Take two was more successful. (This photo is earlier in the sprouting process--showing just roots, no shoots)

roots developing


After washing, derooting, and desprouting the corn, you put it in a big old container with a tight lid and feed it water and--if you're making El Salvadoran chicha--panela (sugarcane juice that's been boiled down and thickened) each day. And for the first three days, you throw the liquid away each new day, but from the fourth day on you keep it and keep adding to it: more water, more panela, and, for flavor, you put in the rind of a pineapple.

during the first three days
brewing prior to pineapple rind

from the fourth day
fermenting w/pineapple rind

I decanted on day six or seven. It is only very mildly alcoholic--it would have gotten more alcoholic if I let it sit--but it did have a yeasty bite and a definite flavor of the panela and pineapple, very rich and sweet. I have NO IDEA if it tasted right, and how's this for humor: my tutee is very strict about no drugs, no alcohol, so she had never had it, so she wasn't sure if it was either. But her roommate is also from El Salvador and promised us it tasted just right. Maybe she was just humoring us? But maybe it really was right! La chicha salvadoreña de Lorena, mamá de S, my tutee :-)

finished chicha

total produced
total chicha

The moldy malt I dumped into the compost bin, and it flourished:

corn sprouting in compost

I've transplanted it and now have some good-looking corn plants. In my experience, corn never does well with me--I get tiny ears with a couple of weird monster kernels and nothing else, but maybe this year will be different! We'll see.

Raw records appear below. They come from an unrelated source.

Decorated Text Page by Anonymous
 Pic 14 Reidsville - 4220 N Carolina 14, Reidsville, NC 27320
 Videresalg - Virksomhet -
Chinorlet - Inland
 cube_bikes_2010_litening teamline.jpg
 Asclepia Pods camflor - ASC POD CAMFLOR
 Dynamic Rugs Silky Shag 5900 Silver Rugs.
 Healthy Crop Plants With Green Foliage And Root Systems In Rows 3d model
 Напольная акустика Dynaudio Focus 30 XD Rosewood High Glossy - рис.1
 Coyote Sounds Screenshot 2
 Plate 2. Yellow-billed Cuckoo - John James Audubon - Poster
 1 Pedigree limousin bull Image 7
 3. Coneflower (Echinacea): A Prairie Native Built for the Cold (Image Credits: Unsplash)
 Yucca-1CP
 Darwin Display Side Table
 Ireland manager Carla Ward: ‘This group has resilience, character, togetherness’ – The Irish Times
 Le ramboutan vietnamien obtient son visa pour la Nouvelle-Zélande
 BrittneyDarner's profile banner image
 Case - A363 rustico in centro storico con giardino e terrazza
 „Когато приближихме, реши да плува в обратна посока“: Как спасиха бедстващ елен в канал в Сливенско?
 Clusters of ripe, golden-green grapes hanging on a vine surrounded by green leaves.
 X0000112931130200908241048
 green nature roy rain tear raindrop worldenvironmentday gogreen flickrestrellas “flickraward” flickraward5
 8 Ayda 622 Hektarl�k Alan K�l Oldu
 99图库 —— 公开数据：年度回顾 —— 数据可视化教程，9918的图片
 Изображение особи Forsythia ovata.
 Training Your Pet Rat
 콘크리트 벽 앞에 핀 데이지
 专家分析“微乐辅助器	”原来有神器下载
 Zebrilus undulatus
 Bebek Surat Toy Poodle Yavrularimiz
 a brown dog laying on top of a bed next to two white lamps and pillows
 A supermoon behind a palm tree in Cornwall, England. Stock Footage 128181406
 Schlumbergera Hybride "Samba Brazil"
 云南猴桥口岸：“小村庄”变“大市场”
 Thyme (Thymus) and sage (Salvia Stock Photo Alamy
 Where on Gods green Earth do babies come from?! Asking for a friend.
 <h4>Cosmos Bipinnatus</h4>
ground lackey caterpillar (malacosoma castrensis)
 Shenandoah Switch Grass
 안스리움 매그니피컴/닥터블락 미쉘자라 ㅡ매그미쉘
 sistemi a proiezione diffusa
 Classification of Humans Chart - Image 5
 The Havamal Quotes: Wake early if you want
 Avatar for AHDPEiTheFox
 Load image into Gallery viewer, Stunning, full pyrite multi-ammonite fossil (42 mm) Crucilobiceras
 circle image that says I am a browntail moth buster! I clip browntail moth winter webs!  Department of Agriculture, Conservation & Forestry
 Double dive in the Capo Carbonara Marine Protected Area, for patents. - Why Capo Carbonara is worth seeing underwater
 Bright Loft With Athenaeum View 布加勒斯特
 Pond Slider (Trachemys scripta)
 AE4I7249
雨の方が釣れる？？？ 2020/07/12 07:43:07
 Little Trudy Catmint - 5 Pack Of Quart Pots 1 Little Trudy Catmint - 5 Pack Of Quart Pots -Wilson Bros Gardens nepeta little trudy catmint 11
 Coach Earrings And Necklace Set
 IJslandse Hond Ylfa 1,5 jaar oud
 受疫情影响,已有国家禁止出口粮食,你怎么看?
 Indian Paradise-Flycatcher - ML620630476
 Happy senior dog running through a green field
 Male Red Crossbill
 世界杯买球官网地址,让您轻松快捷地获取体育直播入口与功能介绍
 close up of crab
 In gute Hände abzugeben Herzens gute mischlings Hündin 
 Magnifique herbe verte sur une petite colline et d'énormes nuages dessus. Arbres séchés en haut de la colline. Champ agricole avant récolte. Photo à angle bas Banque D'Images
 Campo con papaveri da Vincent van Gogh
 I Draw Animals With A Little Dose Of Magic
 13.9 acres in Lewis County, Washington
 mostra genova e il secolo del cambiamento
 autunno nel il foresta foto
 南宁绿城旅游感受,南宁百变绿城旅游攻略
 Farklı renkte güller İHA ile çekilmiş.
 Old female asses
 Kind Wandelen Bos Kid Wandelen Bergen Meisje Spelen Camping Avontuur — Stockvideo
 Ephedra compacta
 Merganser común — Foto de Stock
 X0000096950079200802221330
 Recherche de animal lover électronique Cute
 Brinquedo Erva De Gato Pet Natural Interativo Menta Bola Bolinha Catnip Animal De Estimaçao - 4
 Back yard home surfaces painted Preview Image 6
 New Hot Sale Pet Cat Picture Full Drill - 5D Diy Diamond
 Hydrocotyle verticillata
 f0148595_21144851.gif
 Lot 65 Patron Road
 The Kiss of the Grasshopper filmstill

Date: 2022-06-16 08:04 pm (UTC)
pameladean: (Default)
From: [personal profile] pameladean
This is so cool! Though I admit that my favorite parts are the picture of the rat apparently trying to read upside-down print, and the corn happily sprouting in the compost.

I've had fine luck with sweet corn but very bad luck with raccoons. It comes to much the same thing in the end.

P.

Date: 2022-06-21 10:13 pm (UTC)
pameladean: (Default)
From: [personal profile] pameladean
(very belated response, but time is behaving oddly for me right now)

Yes, the rat's little hands! OMG.

I love that about compost too. Mostly I have gotten vast, sprawling cherry tomato plants with very nice sweet tomatoes on them, but once or twice I got volunteer phlox, white-eyed pink sports of Phlox David as far as I can tell (Phlox David has white flowers) and a couple of times an amazing net of black nightshade.

P.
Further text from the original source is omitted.